Abstract

AbstractThe response of a spherical moist shallow‐water system to tropical imbalances in the presence of inhomogeneous saturation fields is examined. While the initial moist response is similar to the dry reference run, albeit with a reduced equivalent depth, the long‐time solution depends quite strikingly on the nature of the saturation field. For a saturation field that depends only on latitude, specifically one with a peak at the Equator and which falls off meridionally in both hemispheres, height imbalances adjust to large‐scale, low‐frequency westward‐propagating modes. When the background saturation environment is also allowed to vary with longitude, in addition to a westward quadrupole, there is a distinct eastward‐propagating response at long times. The nature of this eastward‐propagating mode is well described by moist potential vorticity conservation and it consists of wave packets that arc out to the midlatitudes and return to the Tropics, and are predominantly rotational in character. In all the moist cases, initially formed Kelvin waves decay, and this appears to be tied to the mostly off‐equatorial organization of moisture anomalies by rotational modes. Many of these basic features carry over to the response in the presence of realistic saturation fields derived from reanalysis‐based precipitable water.
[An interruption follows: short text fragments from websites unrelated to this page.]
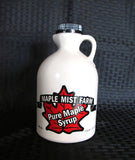 Ohio Pure Maple Syrup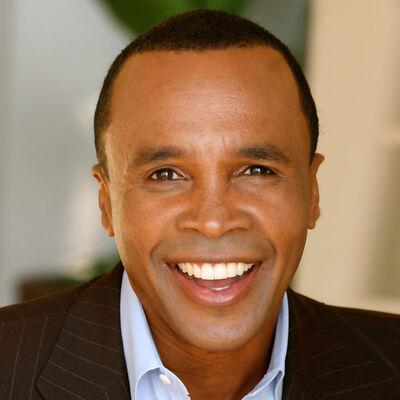 Sugar Ray Leonard profile image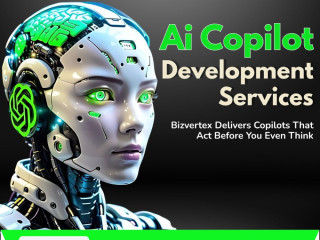 Smarter Than Human? This AI Copilot Might Just Be – Bizvertex Proves It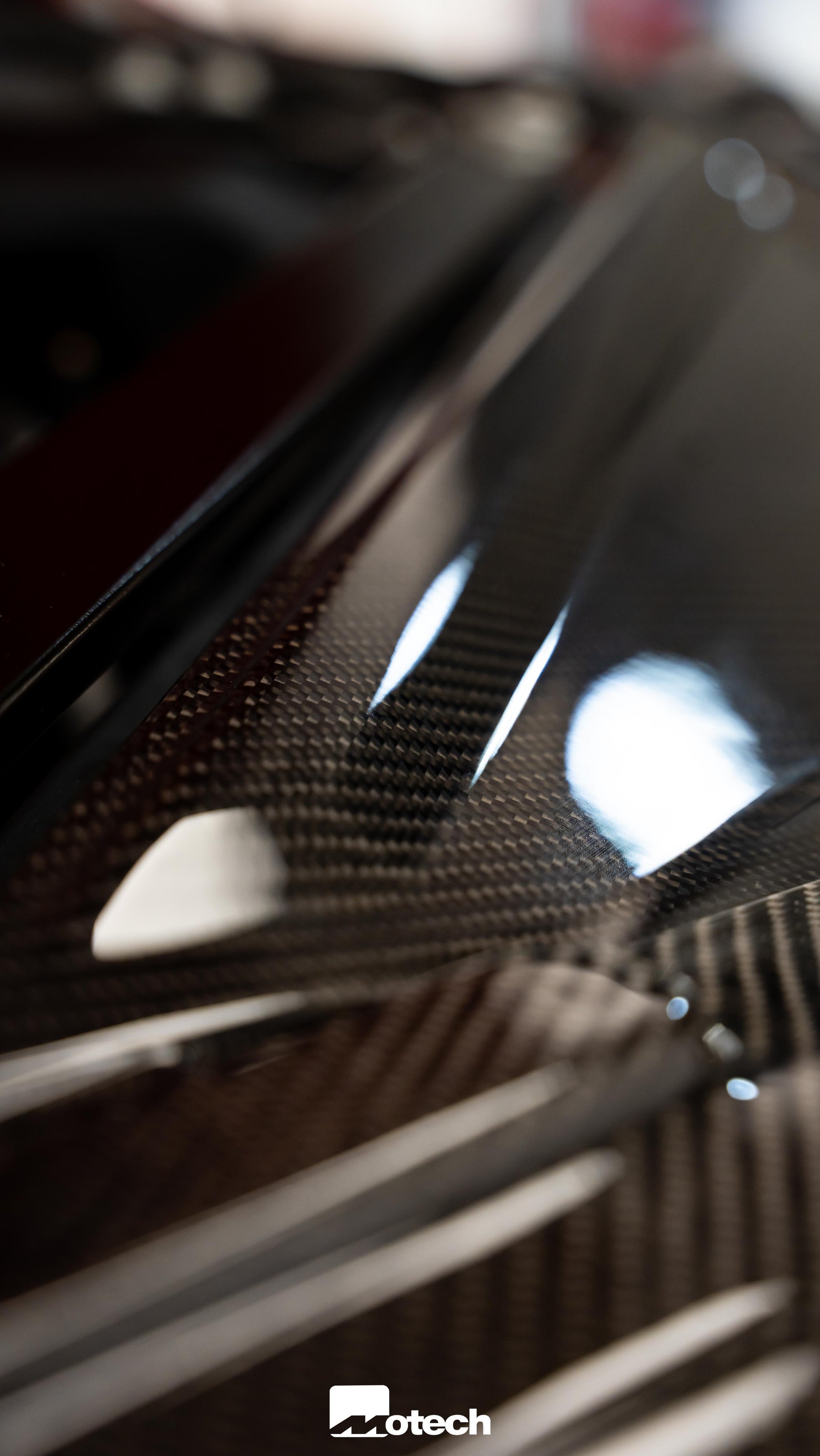BMW M3 M4 G80 G81 G82 Pipercross V1 Carbon Intake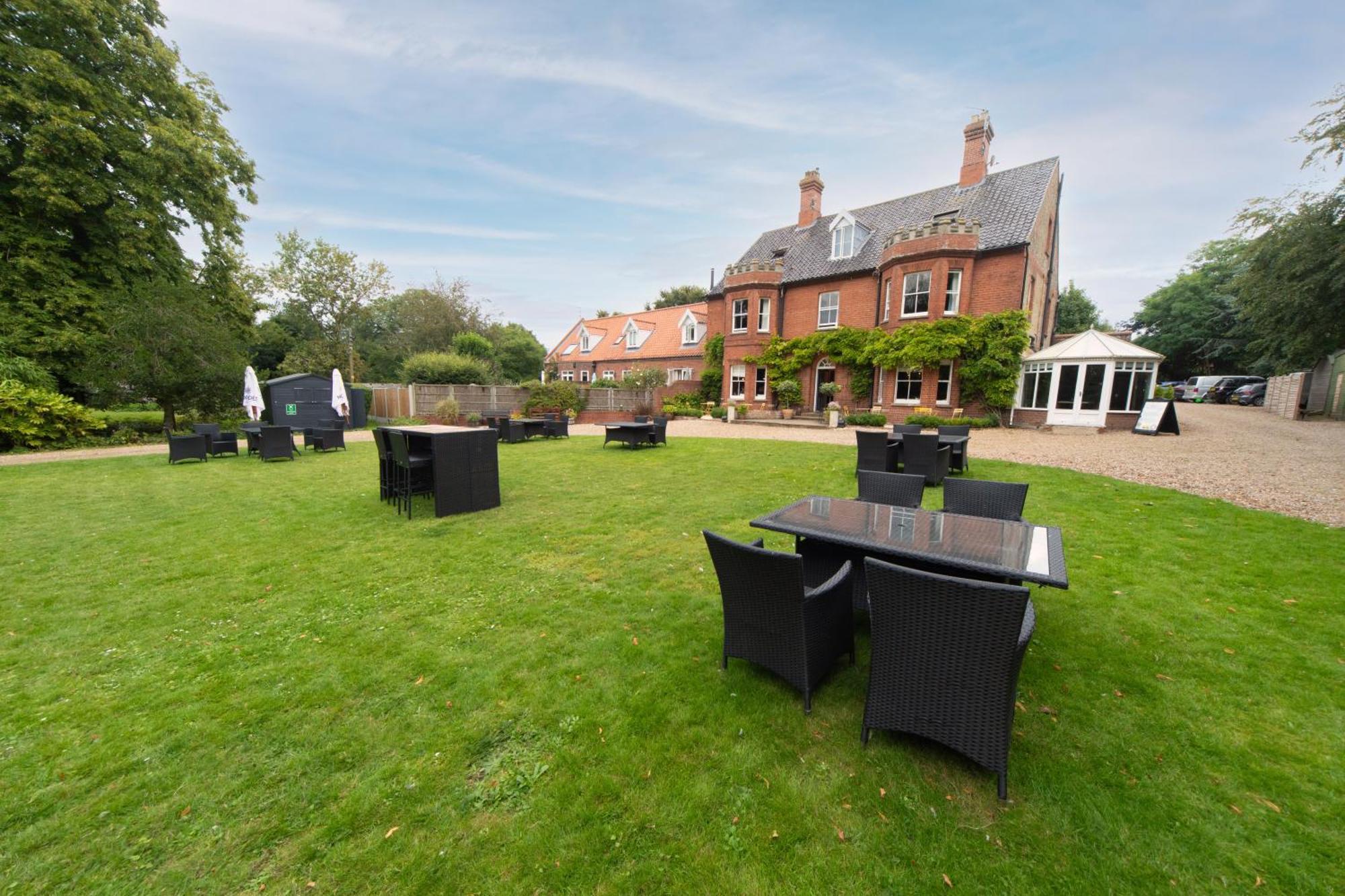 Blakeney House 외부 사진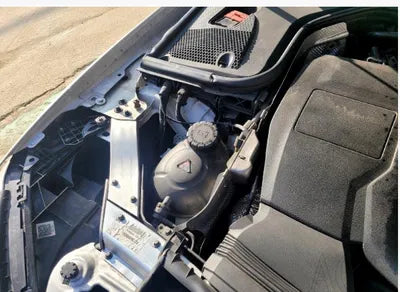 2017 Mercedes-Benz E 220 WDDZF0EB4HA008081 VIN:WDDZF0EB4HA008081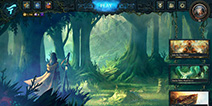 Steam佳作《Faeria》上架移动平台 炉石霸权再受挑战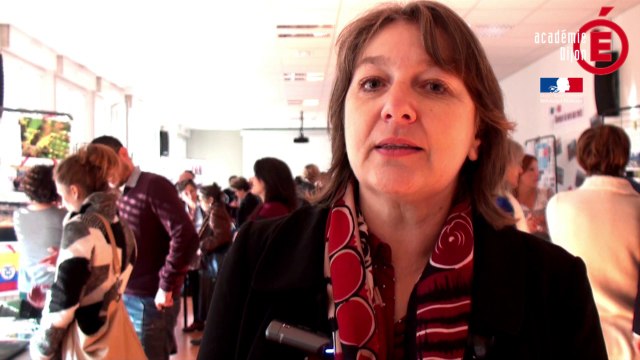 Journée inter-académique de l'innovation 2017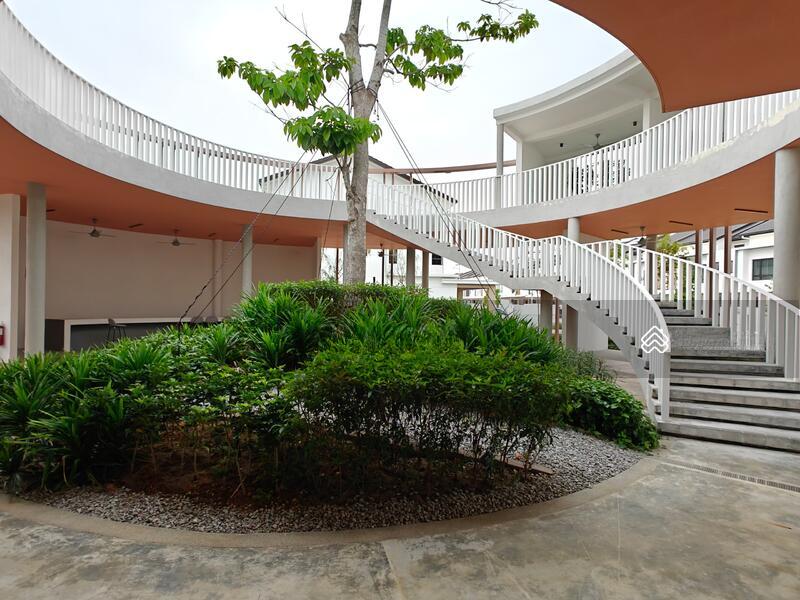 BANDAR GAMUDA COVE - 3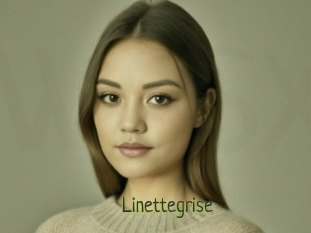 Linettegrise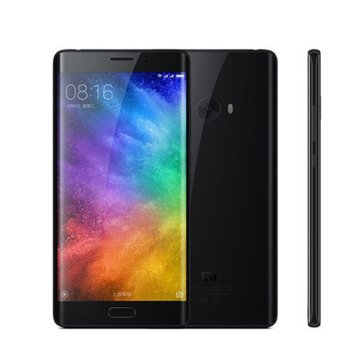 Xiaomi Mi Note 2 Black 128GB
Considering an imbalance in the equatorial Indian Ocean in the boreal summer, the long‐time eastward response is restricted to the Northern Hemisphere and takes the form of a wave train that passes over the Indian landmass into the Subtropics, reaching across the Pacific to North America. In the boreal winter, the eastward mode consists of a subtropically confined rotational quadrupole along with the midlatitudinal disturbances. Thus, in addition to circumnavigating westward Rossby waves, slow eastward‐propagating modes appear to be a robust feature of the shallow‐water system with interactive moisture in the presence of saturation fields that vary with latitude and longitude.